Em 1998, é agraciado com a comenda da Ordem do Infante Dom Henrique, em 2001 com a Grã-Cruz da Ordem da Instrução Pública e em 2018 com o título de doutor Honoris Causa pela Universidade de Lisboa.
Tendo privado com poetas, artistas e escritores, como Bernardo Santareno, Garcez da Silva, Júlio Graça, Bona da Silva, Fernando Namora, Fernando Lopes-Graça, Eduardo Lourenço, João José Cochofel e Alves Redol, entre outros, honrou a memória deste último, com quem mantivera grandes laços de amizade e cumplicidade, lutando pela criação de um Centro de Documentação e Investigação do Neorrealismo. É, em 1988, membro fundador da Comissão Instaladora do Museu do Neorrealismo e, dez anos depois, vice-presidente da Assembleia-Geral da Associação Promotora do museu.
Na Seara Nova, para além da sua colaboração poética, que decorre entre os anos 1944-47, publica, no nº 951 de Novembro de 1945, os versos do Hino do Movimento de Unidade Democrática com música de Fernando Lopes-Graça.

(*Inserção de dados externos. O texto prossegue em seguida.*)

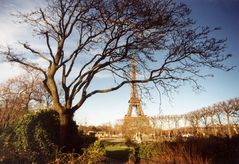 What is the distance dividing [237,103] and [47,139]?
90.1ft

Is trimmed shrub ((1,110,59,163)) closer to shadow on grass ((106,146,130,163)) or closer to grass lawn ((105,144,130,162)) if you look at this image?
shadow on grass ((106,146,130,163))

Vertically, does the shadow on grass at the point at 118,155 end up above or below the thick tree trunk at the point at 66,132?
below

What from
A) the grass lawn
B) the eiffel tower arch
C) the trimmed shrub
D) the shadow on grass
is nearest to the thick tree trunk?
the trimmed shrub

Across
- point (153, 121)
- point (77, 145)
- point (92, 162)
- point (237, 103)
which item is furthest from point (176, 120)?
point (92, 162)

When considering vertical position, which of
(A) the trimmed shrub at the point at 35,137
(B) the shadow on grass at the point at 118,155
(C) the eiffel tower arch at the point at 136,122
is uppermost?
(C) the eiffel tower arch at the point at 136,122

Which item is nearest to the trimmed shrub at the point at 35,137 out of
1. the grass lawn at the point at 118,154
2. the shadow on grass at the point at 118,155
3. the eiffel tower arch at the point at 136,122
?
the shadow on grass at the point at 118,155

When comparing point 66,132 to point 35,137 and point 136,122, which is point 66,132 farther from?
point 136,122

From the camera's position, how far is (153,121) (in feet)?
158

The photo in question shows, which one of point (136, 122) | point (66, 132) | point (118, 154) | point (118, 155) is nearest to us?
point (66, 132)

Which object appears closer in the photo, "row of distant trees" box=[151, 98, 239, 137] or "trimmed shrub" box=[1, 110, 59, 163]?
"trimmed shrub" box=[1, 110, 59, 163]

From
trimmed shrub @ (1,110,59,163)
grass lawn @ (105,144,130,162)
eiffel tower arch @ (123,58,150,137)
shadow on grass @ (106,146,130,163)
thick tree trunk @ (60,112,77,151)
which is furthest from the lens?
eiffel tower arch @ (123,58,150,137)

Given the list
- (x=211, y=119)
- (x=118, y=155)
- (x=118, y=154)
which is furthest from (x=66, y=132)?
(x=211, y=119)

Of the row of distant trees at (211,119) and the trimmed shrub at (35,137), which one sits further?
the row of distant trees at (211,119)

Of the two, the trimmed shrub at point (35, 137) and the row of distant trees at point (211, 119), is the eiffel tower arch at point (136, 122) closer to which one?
the row of distant trees at point (211, 119)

Faleceu a 8 de Dezembro de 2019.
Maria Judite de Carvalho
Nasceu em Lisboa a 18 de Setembro de 1921.
Em 1949, na revista Eva, de Lisboa, publica o seu primeiro texto, a novela, O Campo de Mimosas.
É de 1959, dez anos depois, o seu primeiro livro, Tanta Gente, Mariana.

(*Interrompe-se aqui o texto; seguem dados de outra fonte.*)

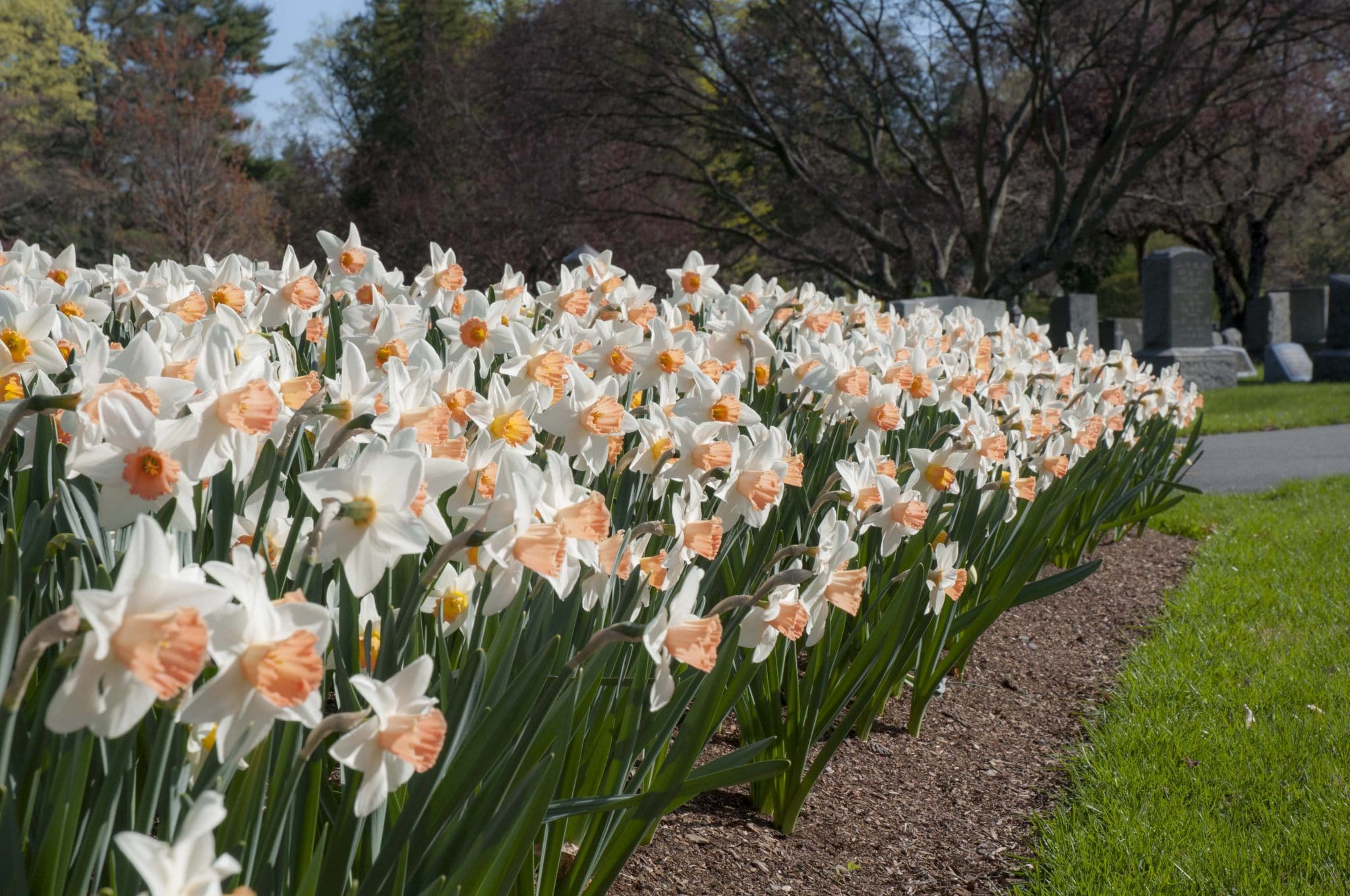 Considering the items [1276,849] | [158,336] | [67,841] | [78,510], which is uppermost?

Segue-se, em 1961, As Palavras Poupadas que lhe valeu o Prémio Camilo Castelo Branco, da Sociedade Portuguesa de Escritores.
Em 1991 volta a ver um trabalho seu premiado, Este Tempo, Prémio de Crónica da Associação Portuguesa de Escritores.
Em 1995 publica o seu último livro, Seta Despedida, que lhe valeu quatro prémios: da APE, do PEN Clube, da Associação Internacional de Críticos Literários e da revista Máxima. Em 1998, ano da sua morte, foi-lhe atribuído a título póstumo o Prémio Vergílio Ferreira.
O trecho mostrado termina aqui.